641 lines (448 loc) · 20.6 KB

Introduced changes

Maintainer:Masatake YAMATO <yamato@redhat.com>

Many changes have been introduced in exuberant-ctags. Use git-log to review changes not enumerated here, especially in language parsers.

Importing most of the changes from exuberant-ctags

See "exuberant-ctags" in "Tracking other projects" about the status of importing. Some changes in Fedora and Debian are also imported.

New parsers

The following parsers have been added:

  • ada
  • clojure
  • coffee xcmd
  • css
  • d
  • ctags option library optlib
  • falcon
  • go
  • json
  • mib optlib
  • rust
  • windres
  • SystemVerilog

See "Option library" about optlib. See "External parser command" about xcmd.

Heavily improved language parsers

  • php
  • verilog

New test facility named Units

The existing test facility Test checks for differences between the output of on older ctags and a newer ctags. If any difference is found the check fails. Test expects the older ctags binary to be correct.

This expectation is not always met. Consider that a parser for a new language is added. You may want to add a sample source code for that language to Test. An older ctags version is unable to generate a tags file for that sample code, but the newer ctags version does. At this point a difference is found and Test reports failure.

On the other hand Units compares the expected output that a test developer prepares with the output of newly built ctags. The expected output doesn't depend on ctags.

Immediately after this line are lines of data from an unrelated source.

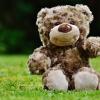 1. Gli animali di peluche
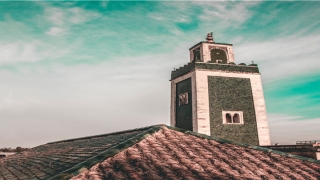 额头两边各有一道凹陷(额头处有凹陷)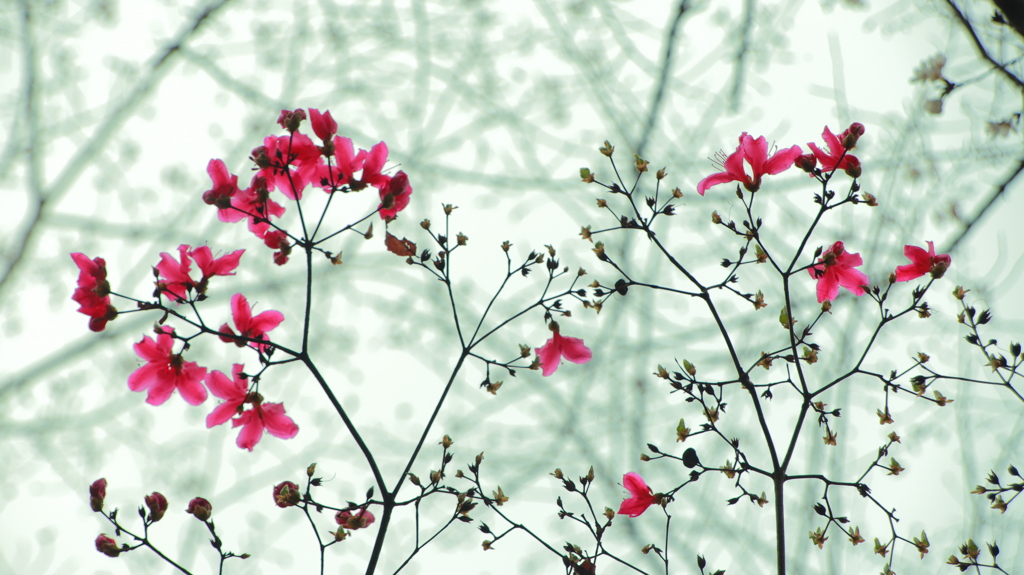 トウヤマツツジ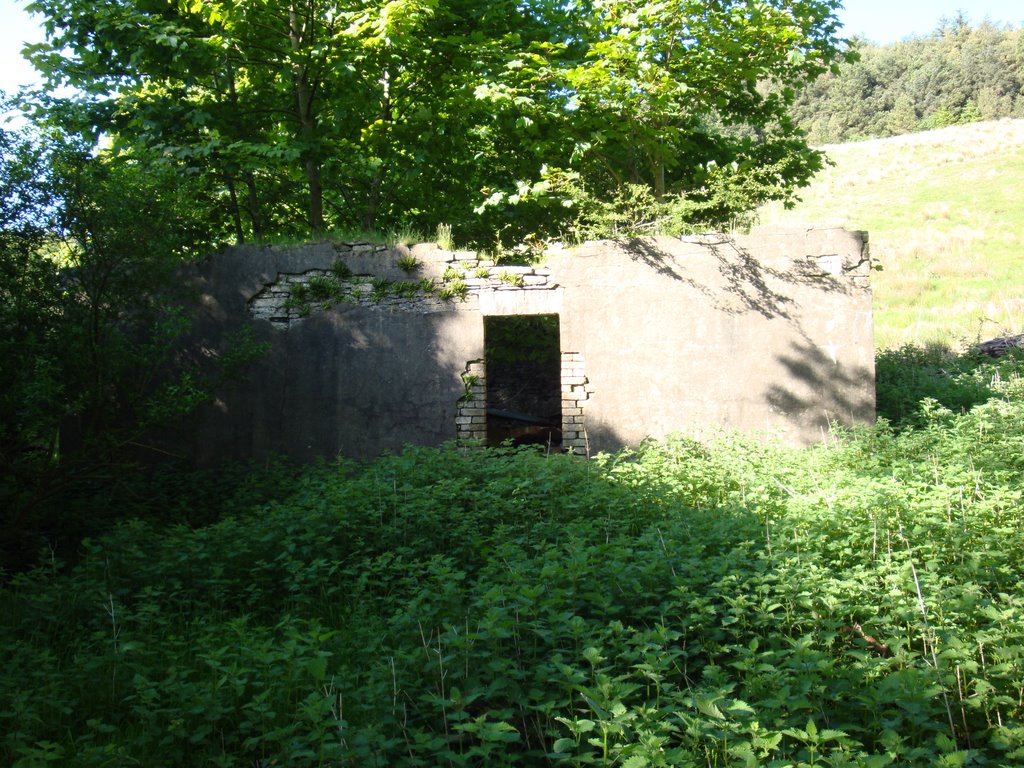 Blaengwenffrwd, Tonmawr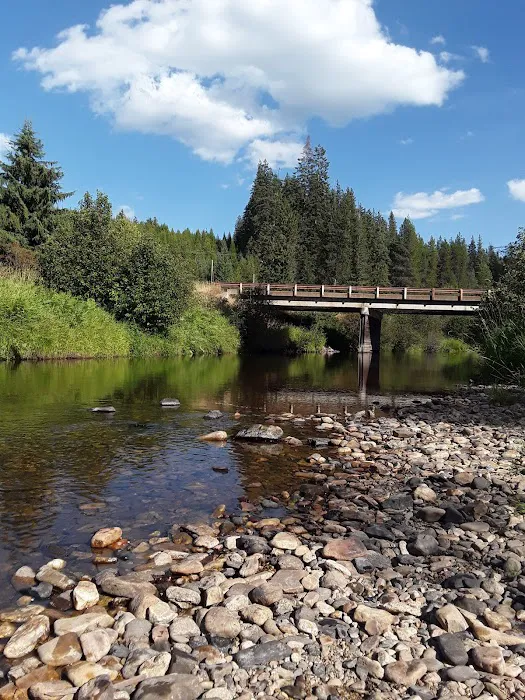 Cedar Creek Campground Picture 6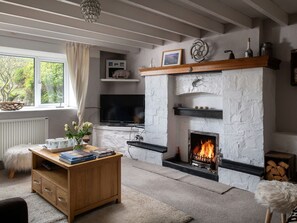 TV, fireplace, DVD player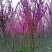 紫荆4~6cm4cm以下2.5~3米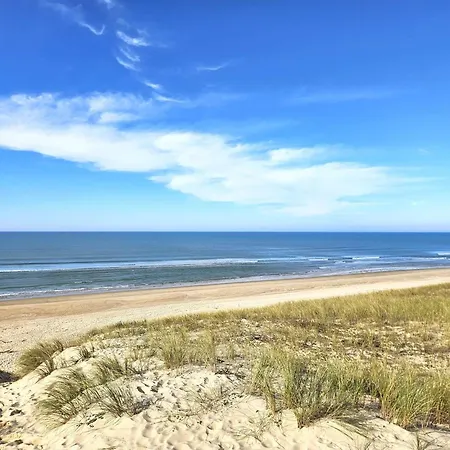 Vila Renovee Avec Jardin A Petit-piquey - Proche Bassin Et Ocean, 3 Chambres, 2 Terrasses, Wi-fi - Fr-1-736-4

For more details see "Using Units".

Running tests under valgrind

With the following command line tests can be run under valgrind memory checker.

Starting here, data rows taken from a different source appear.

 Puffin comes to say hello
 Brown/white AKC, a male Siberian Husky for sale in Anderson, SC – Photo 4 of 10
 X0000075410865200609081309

$ make units VG=1 SHELL=/bin/bash

NOTE: /bin/bash is needed to report the result.

Semi-fuzz testing

Unexpected input can lead ctags to enter an infinite loop. The fuzz target tries to identify these conditions by passing semi-random (semi-broken) input to ctags.

$ make fuzz LANGUAGES=LANG1[,LANG2,...]

With this command line, ctags is run for random variations of all test inputs under Units/*/input.* of languages defined by LANGUAGES macro variable. In this target, the output of ctags is ignored and only the exit status is analyzed. The ctags binary is also run under timeout command, such that if an infinite loop is found it will exit with a non-zero status. The timeout will be reported as following:

[timeout C]                Units/test.vhd.t/input.vhd

This means that if C parser doesn't stop within N seconds when Units/test.vhd.t/input.vhd is given as an input, timeout will interrup ctags. The default duration can be changed using TIMEOUT=N argument in make command. If there is no timeout but the exit status is non-zero, the target reports it as following:

[unexpected-status(N) C]                Units/test.vhd.t/input.vhd

The list of parsers which can be used as a value for LANGUAGES can be obtained with following command line

$ ./ctags --list-languages

Besides LANGUAGES and TIMEOUT, fuzz target also takes the following parameters:

VG=1

Run ctags under valgrind. If valgrind finds a memory error it is reported as:

[valgrind-error Verilog]                Units/array_spec.f90.t/input.f90

The valgrind report is recorded at Units/\*/VALGRIND-${language}.tmp.

SHRINK=1

If exit status is non-zero, run units shrink to minimize the bad input. Using bisection algorithm, misc/units shrink tries to make the shortest input which makes ctags exit with non-zero status. The result is reported to Units/\*/SHRINK-${language}.tmp. This is very useful for debugging.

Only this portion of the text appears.